Immaginate, se riuscite, di non poter muovere il vostro corpo, solo due dita della mano destra o di quella sinistra, scegliete voi. Immaginate poi che le vostre capacità intellettive siano intatte, che tutto ciò che pensate, desiderate, detestate rimanga intrappolato nella vostra mente perché il corpo è incapace di tradurre i pensieri in azioni concrete. Il vostro corpo può solo strisciare.
Immaginate poi che vostro nonno sia un dirigente del Partito comunista spagnolo rifugiato in Francia e vostra madre una straniera dalla pelle scura, donna coraggiosa e senza ambasciata, capitata a Mosca negli anni della primavera di Praga. Immaginate che a un anno e mezzo di vita il regime vi sottragga all’amore di vostra madre e vi costringa a condurre la vostra esistenza in un lungo e penoso strisciare fra decine di orfanatrofi russi.
Se siete riusciti ad immaginare tutto ciò, allora potete capire perché il bianco è il buio ed il nero la luce.
Rubén Gallego nasce a Mosca alla fine degli anni sessanta. Affetto da una grave forma di paralisi cerebrale è in grado di pensare, ragionare, comprendere, inventare, ma non può muoversi. Con lucidità tagliente racconta la sua infanzia atroce, le angherie e i soprusi, le sofferenze insopportabili, la forza e la bontà dei legami inscindibili nati fra i letti degli orfanatrofi.

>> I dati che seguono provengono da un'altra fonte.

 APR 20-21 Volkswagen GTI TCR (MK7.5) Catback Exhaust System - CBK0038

Il bianco è il colore dell’impotenza e della dannazione, dice Gallego, il colore del soffitto d’ospedale e delle lenzuola, il nulla della vita d’orfanatrofio che scorre all’infinito.
Il nero, invece, è il colore della lotta e della speranza. Il colore del cielo notturno, lo sfondo fermo e nitido dei sogni, delle brevi pause fra gli intervalli diurni, bianchi e sterminati, delle infermità fisiche. E’ il colore del mondo dietro le palpebre chiuse, dice Rubén nel capitolo finale di questo piccolo e grandioso gioiello letterario.

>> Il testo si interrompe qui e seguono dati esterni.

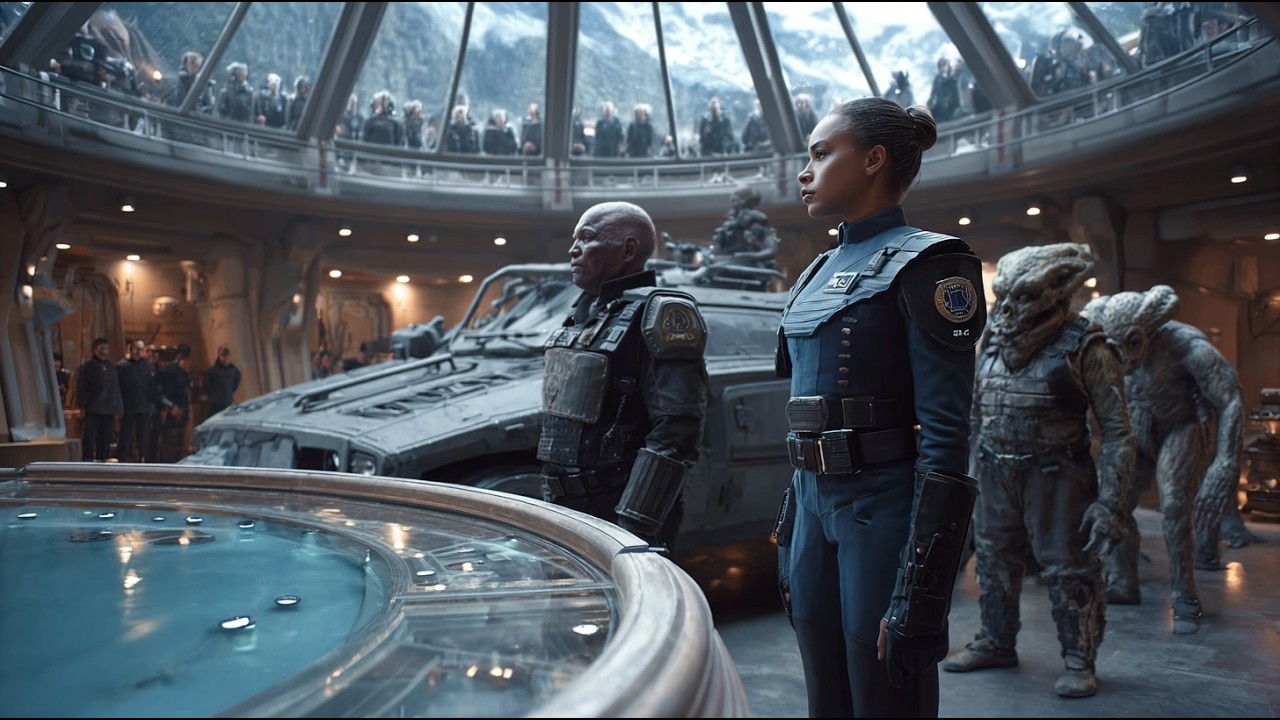 Earth’s Response to the Massacre: “Now We Stop Being Civilized” Sci-Fi | HFY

La mia amica Alessandra dice che Bianco su nero è il suo libro del cuore. E’ con il cuore che la ringrazio per avermelo consigliato perché Rubén ha qualcosa da insegnare a chiunque ami scrivere:
E quando passerò a mia volta in mezzo alle schiere di affabili, asettici manichini in camice bianco e arriverò finalmente al mio capolinea, alla mia personale notte eterna, dietro di me resteranno soltanto lettere dell’alfabeto. Le mie lettere, le mie lettere nere su sfondo bianco. Lo spero.